Could you return, exactly as written, every line from the one containing "Zip Up Longline Relaxed Cardigan for Women" through the last line of the entries below, leaving out the pictures?

_ _ _ _ _ _ _

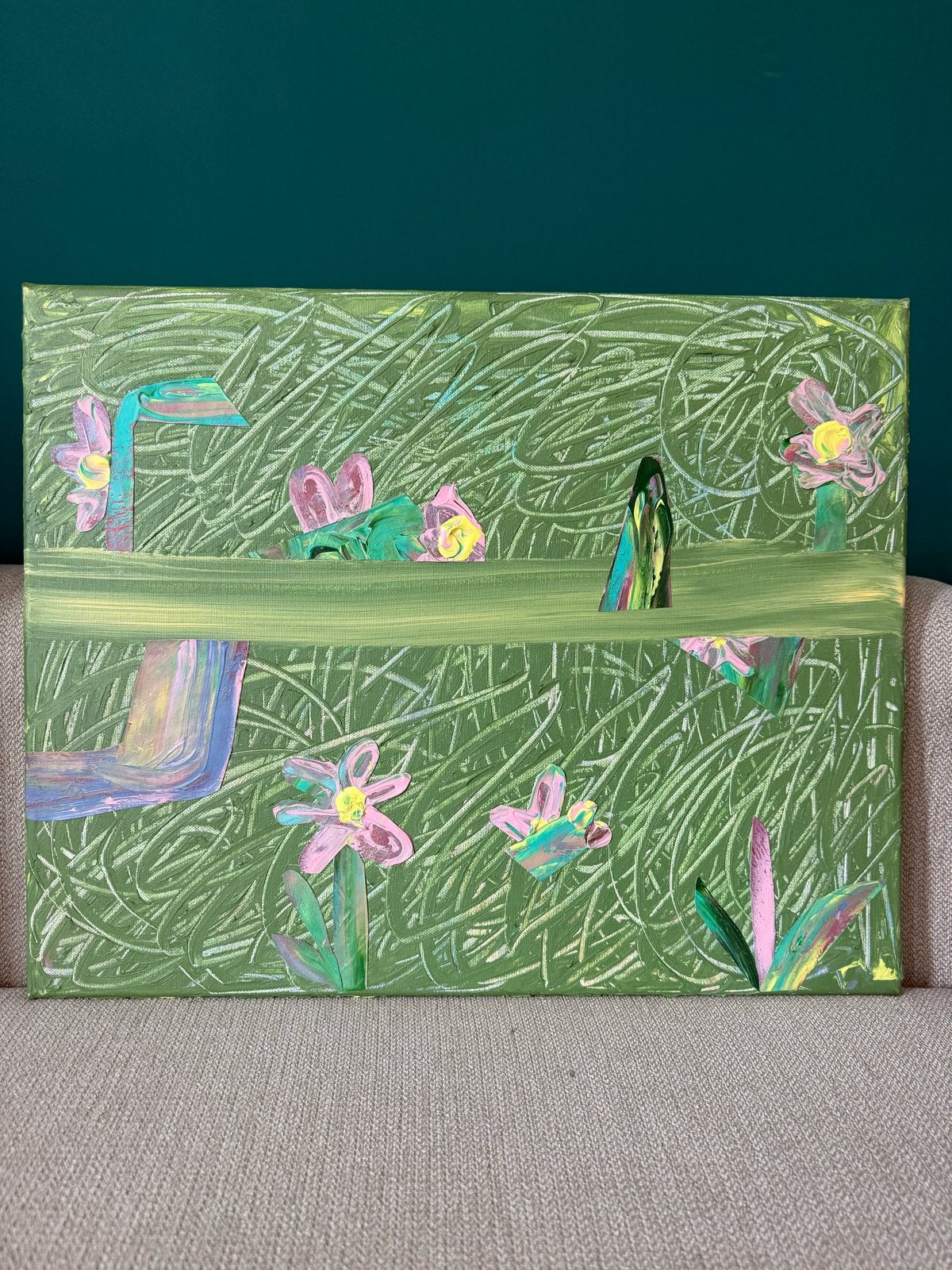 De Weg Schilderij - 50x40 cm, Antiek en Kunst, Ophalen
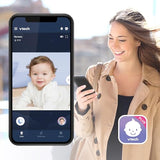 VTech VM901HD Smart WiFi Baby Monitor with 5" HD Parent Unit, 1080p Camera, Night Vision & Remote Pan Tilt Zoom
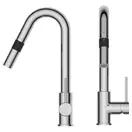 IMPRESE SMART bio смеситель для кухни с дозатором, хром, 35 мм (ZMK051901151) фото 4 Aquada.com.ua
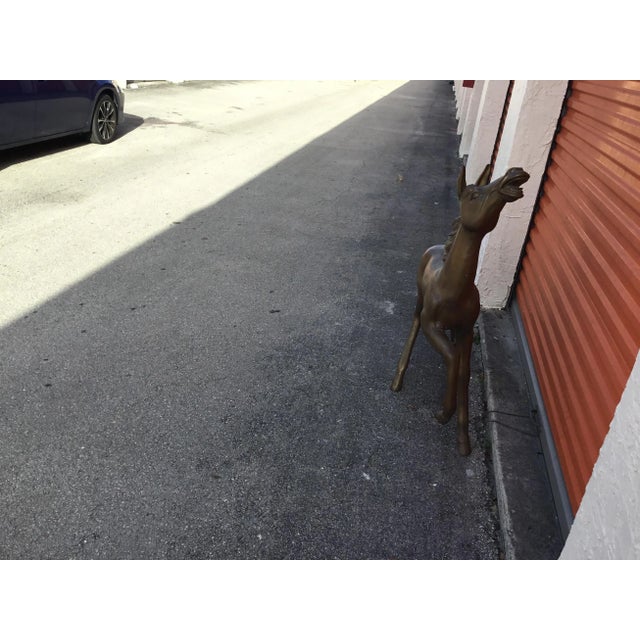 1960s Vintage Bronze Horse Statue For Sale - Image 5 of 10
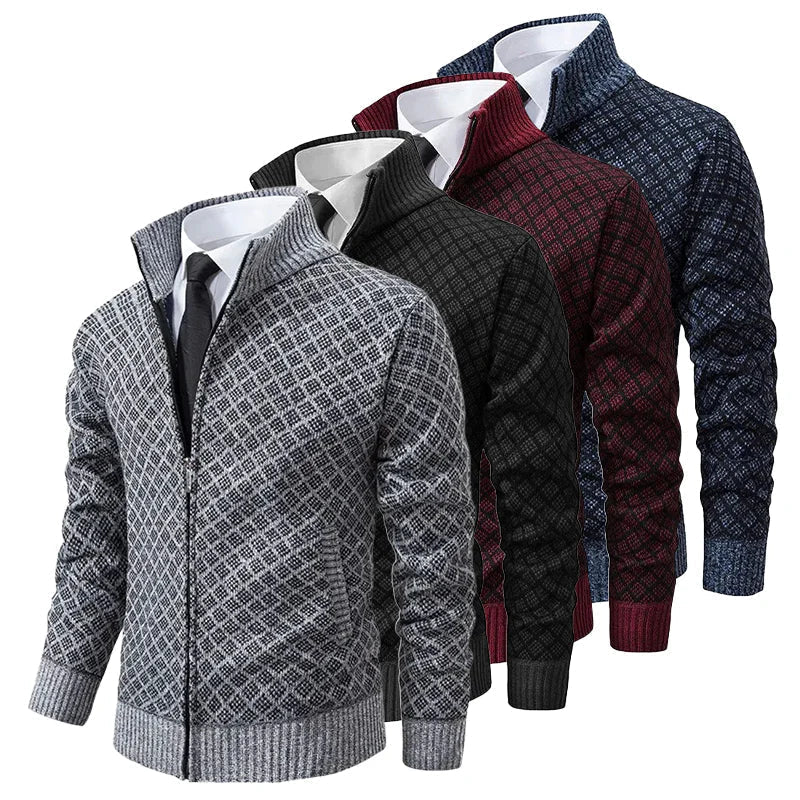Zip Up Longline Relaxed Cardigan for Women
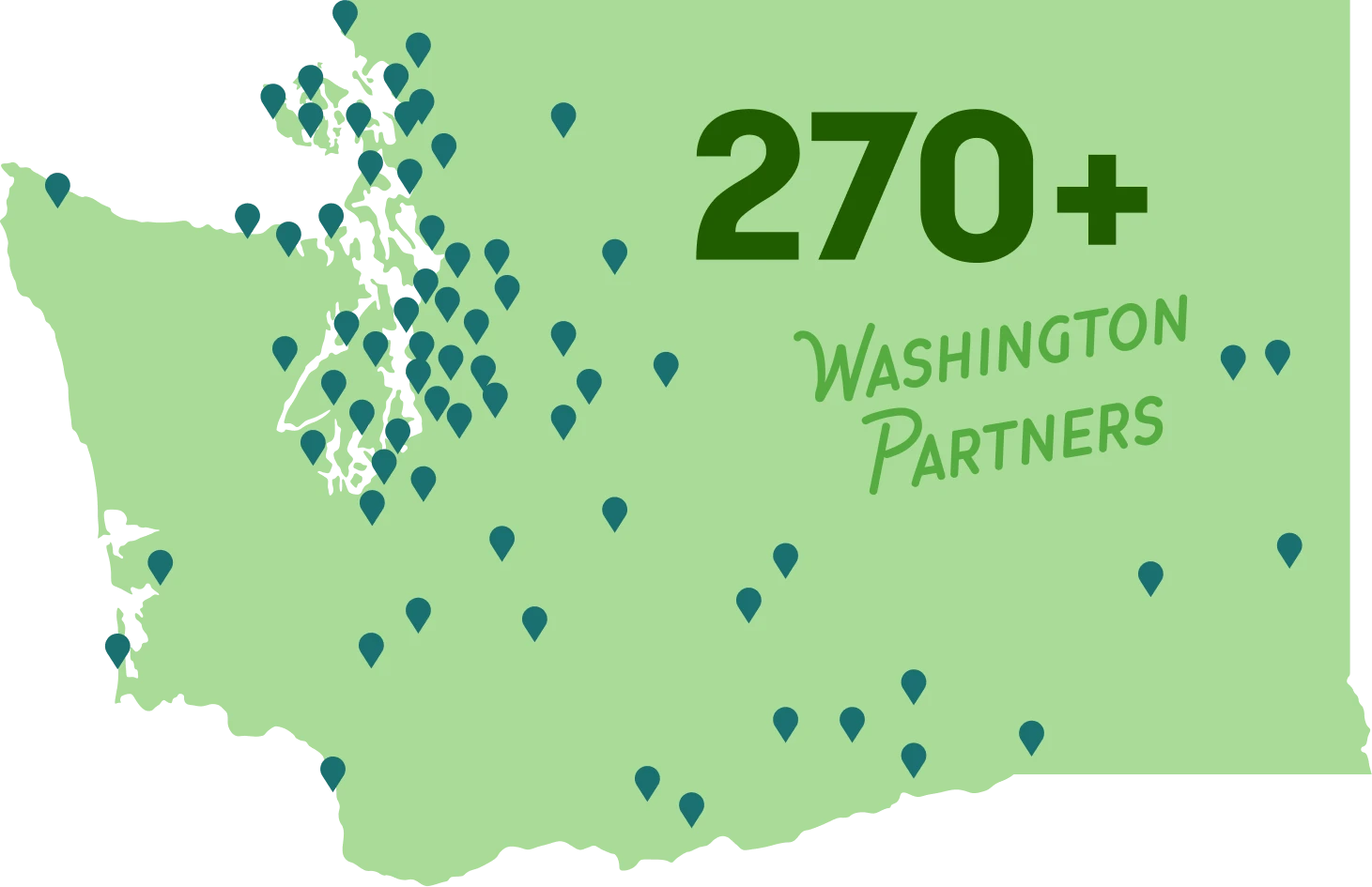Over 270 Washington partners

_ _ _ _ _ _ _

Answer area:
Zip Up Longline Relaxed Cardigan for Women
Over 270 Washington partners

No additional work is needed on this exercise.